I started my gaming lifestyle when my mother got me the basic D&D boxed set over three decades ago. Since I was already solidly classified as a nerd by the other kids, I made no attempt to conceal my gaming ways. I also did track, cross country and debate—which actually resulted in more mockery than my gaming. When I went to college, I continued my openly gamer lifestyle, although I also continued my running ways.
In graduate school, I took my gamer lifestyle to a new level—I began writing professionally and my name appeared in print as solid evidence of my gaming lifestyle. While some people leave gaming behind after college, I stuck with it and still have a regular game, usually Pathfinder or Call of Cthulhu, each week. I also have my own tiny publishing operation and obviously still am open about my gaming ways.
Thanks to the popularity of video games, fantasy and science fiction, gaming now has less stigma than it did in the past. However, I know numerous gamers who are careful to conceal their gaming lifestyle from others.
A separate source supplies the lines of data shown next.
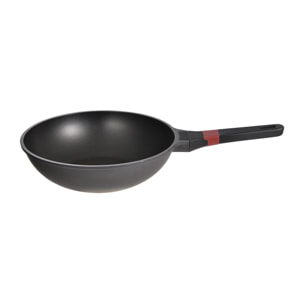 Wok ø28x8 cm en aluminio fundido en color negro apta para inducción y antiadherente expert san ignacio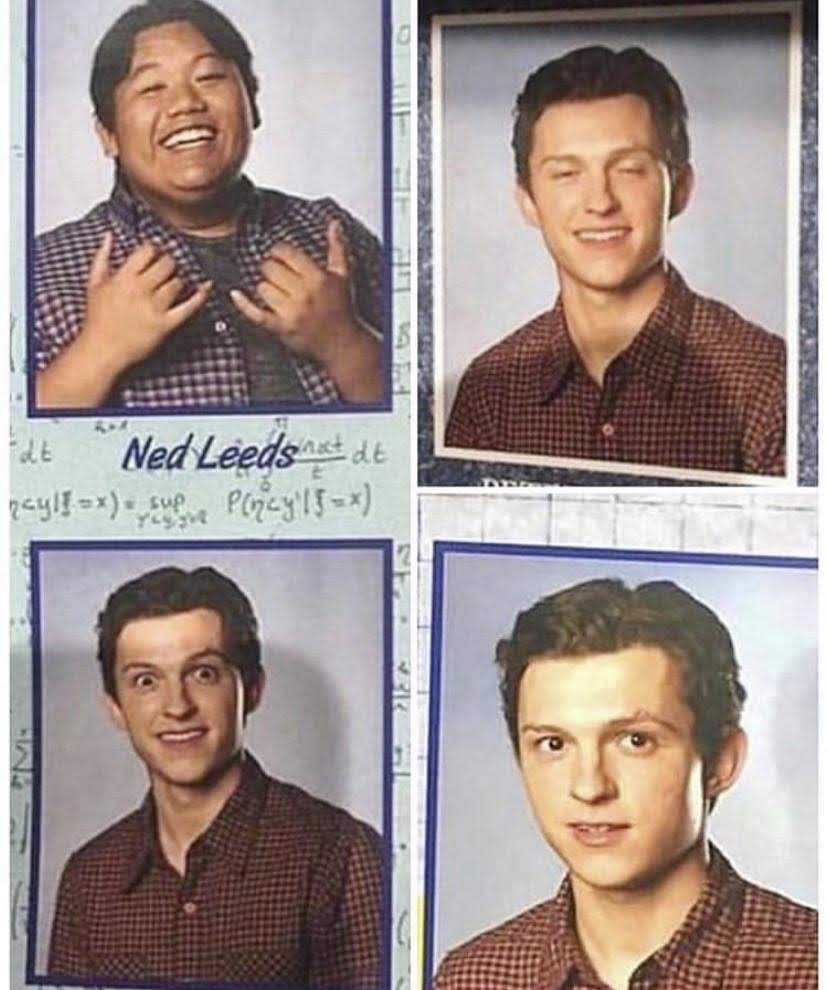 Peter Parker Yearbook Photos From Spider Man Far From Home トム ホランド主演の スパイダーマン シリーズ第2弾 ファー フロム ホーム のために撮影されたクラスアルバムのおかしな写真 Cia Movie News Extra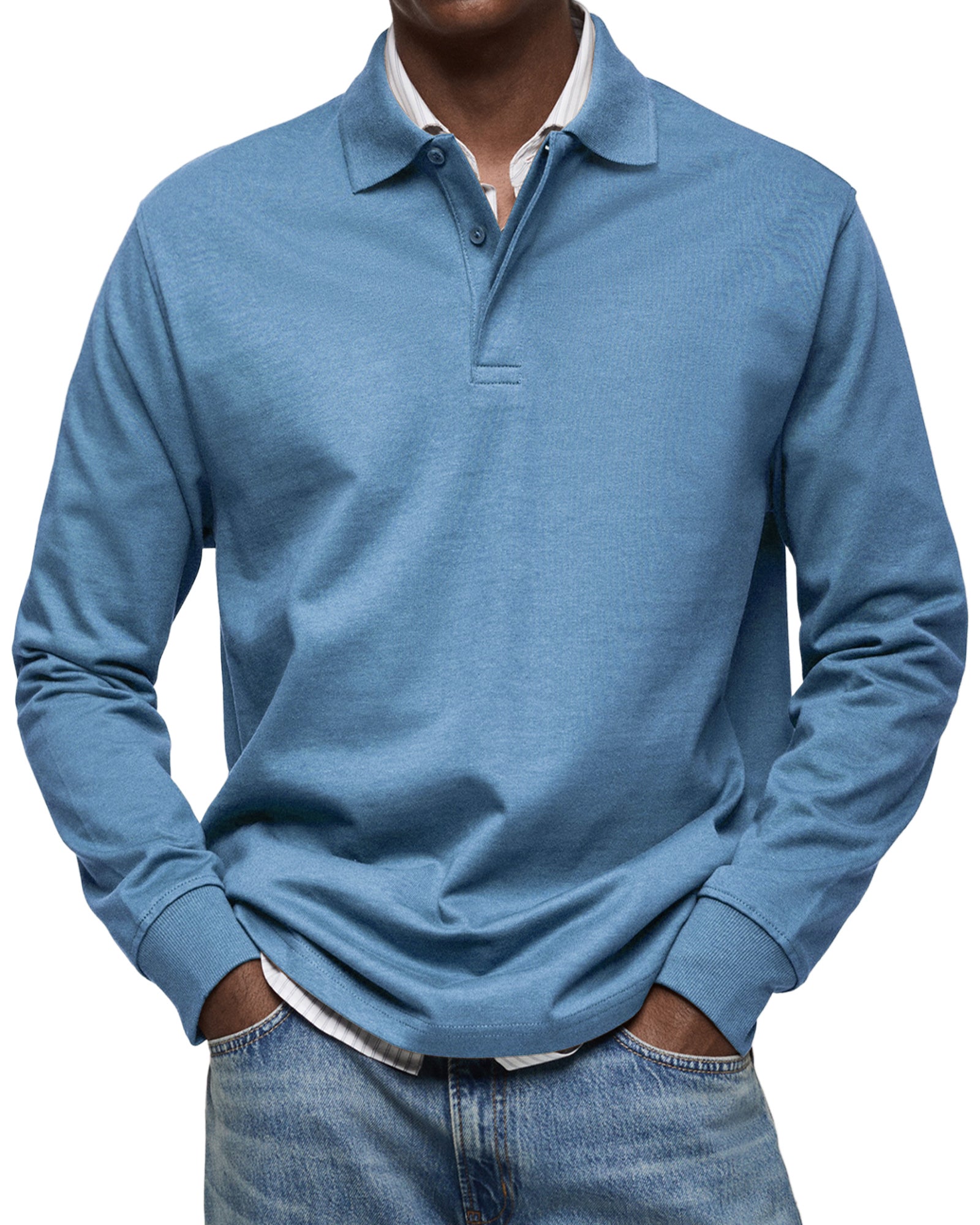 AVANOAH | ELEGANT LONG-SLEEVED POLO FOR MEN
For example, one person tells people that he is playing poker or watching sports when he is, in fact, rolling D20s and pushing around miniatures. He also forbids any photos of him engaged in gaming. Another person is careful to conceal his gamer status from his professional colleagues out of concerns that it will negatively impact his career. Others are less secretive and do not deny being gamers—if directly asked. They do, however, do not usually talk about their gaming around non-gamers and tend to have anecdotes of bad experiences arising from people finding out about the gaming.
Jokingly, I tend to refer to people who actively keep their gaming secret as being in the dungeon. Folks who voluntarily tell people they are gamers come out of the dungeon and those who are involuntarily exposed are outed as gamers.
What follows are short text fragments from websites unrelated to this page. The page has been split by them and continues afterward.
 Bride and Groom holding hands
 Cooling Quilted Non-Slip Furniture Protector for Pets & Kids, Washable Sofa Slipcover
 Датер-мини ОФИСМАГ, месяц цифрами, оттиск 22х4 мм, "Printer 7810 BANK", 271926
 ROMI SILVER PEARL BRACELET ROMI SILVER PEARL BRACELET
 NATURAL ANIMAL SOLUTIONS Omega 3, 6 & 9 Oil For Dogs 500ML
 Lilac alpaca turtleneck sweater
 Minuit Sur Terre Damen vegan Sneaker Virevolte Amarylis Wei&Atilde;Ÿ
In my own case, being openly gamer has been a no brainer. First, I was obviously a nerd as a kid and there would have been no point in trying to deny that I gamed—no one would believe that I didn’t have a bag of strange dice. Second, I studied philosophy and became a professional philosopher—in comparison being a gamer is rather down-to-earth and normal. For those who are curious, I am also openly philosophical. Third, because I am socially competent and in good shape, I do not have any fear of the consequences of people finding out I am a gamer.
I also have moral reasons as to why I am openly gamer. The first is my moral principle that if I believe that a way of life needs to be hidden from “normal” people, then it would follow that I should not be engaged in that way of life. Naturally, there are exceptions. For example, if I were in a brutally repressive state, then I could have excellent reasons to conceal a way of life that those in power might oppose. As a less extreme example, some gamers do believe that they will suffer negative consequences if people find out about their gaming ways. For example, someone who knows her boss thinks gaming is for Satanists would have a good reason to stay in the dungeon.
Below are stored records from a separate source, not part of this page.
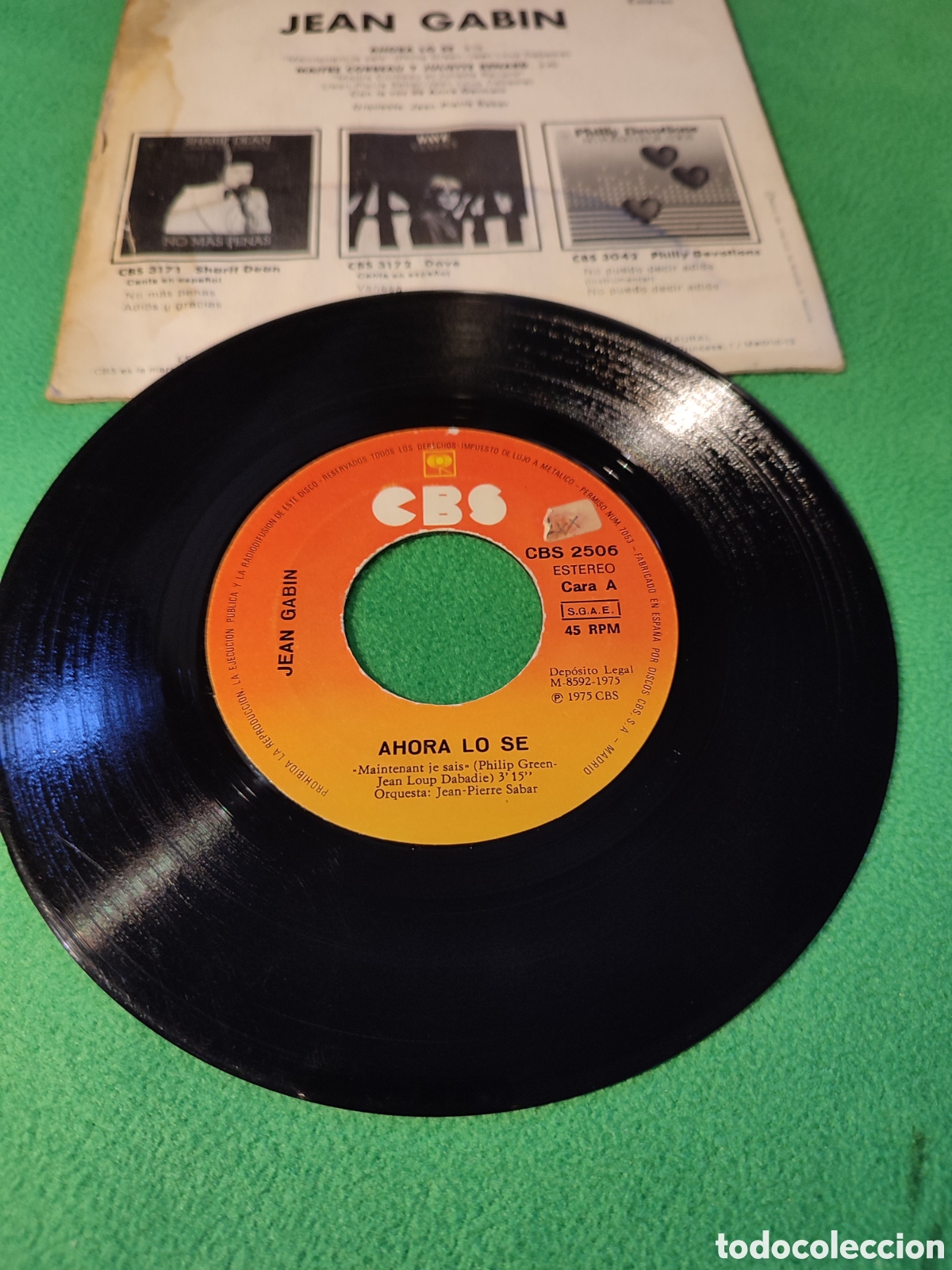 Discos de vinilo: Jean Gabin - Ahora lo s&eacute; - Foto 2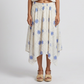 Printed Flared Mid Rise Skirt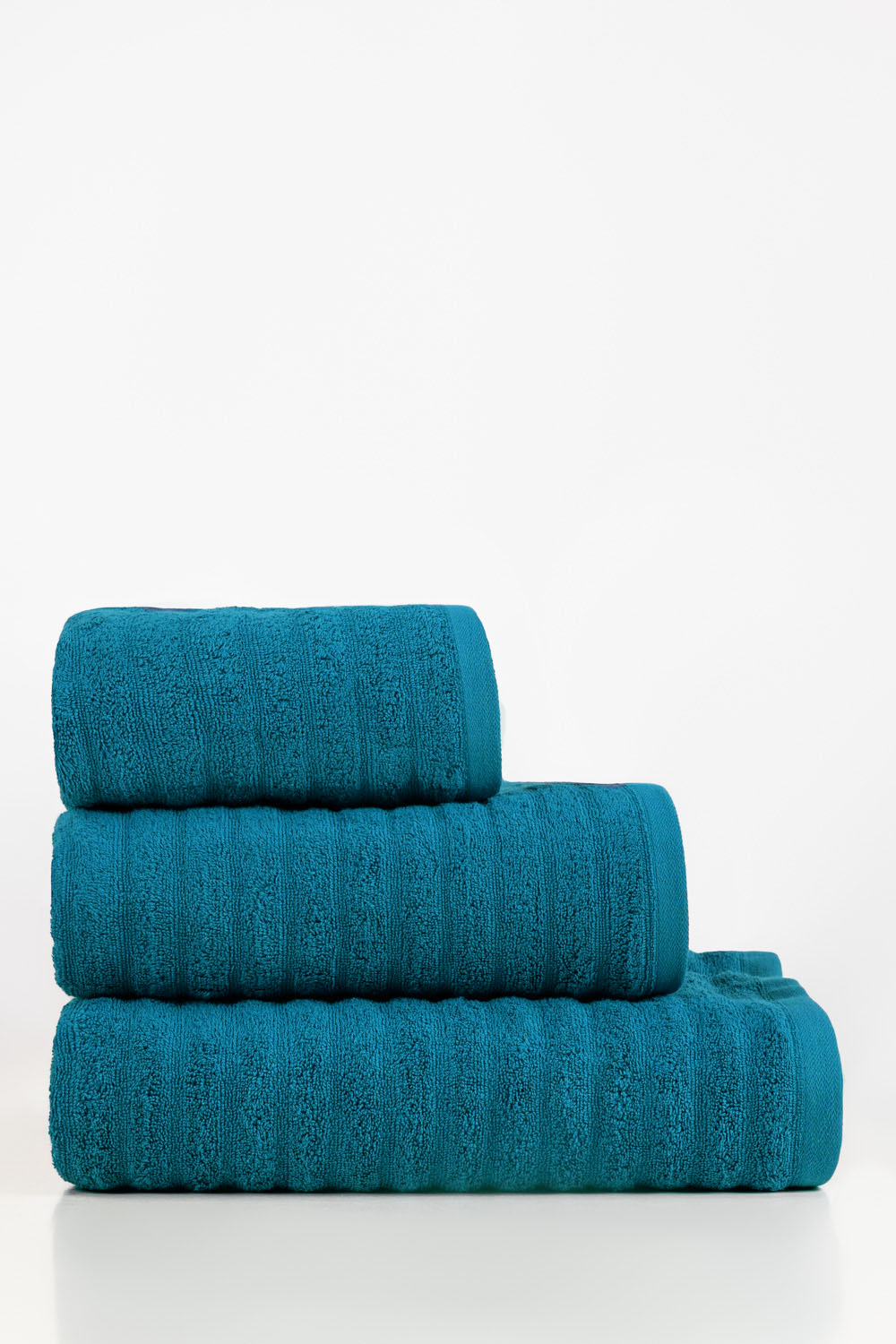 Blue Steel Combed Plain Towel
The second is my moral commitment to honesty. Being a gamer is part of what I am, just as is being a runner and being a philosopher. To actively conceal and deny what I am would be to lie by omission and to create in the minds of others a false conception of the person I am. While I do recognize that people can have good reasons to create such false conceptions, that is something that should be avoided when possible—assuming, of course, that deceit is wrong.
I do know some gamers who hide their gaming when they start dating someone—I recall many occasions when one of my fellows went on a date or met someone and others, on learning this, said “you didn’t tell her you are a gamer did you?!” The assumption is, of course, that being a gamer would be a deal-breaker. While I do not advocate being an in-their-face gamer (just as I do not advocate being an in-their-face runner), honesty is the best policy—if the dating leads to a relationship, she will eventually find out and dishonesty tends to be more of a deal breaker than gaming.
Naturally, some gamers have made the reasonable point that they want to win over a person before revealing that they are gamers. After all, a person might have a prejudice against gamers that is based on ignorance. Such a person might unfairly reject a gamer out of hand, but come to accept it once they get to know an actual gamer. After all, gamers are people, too.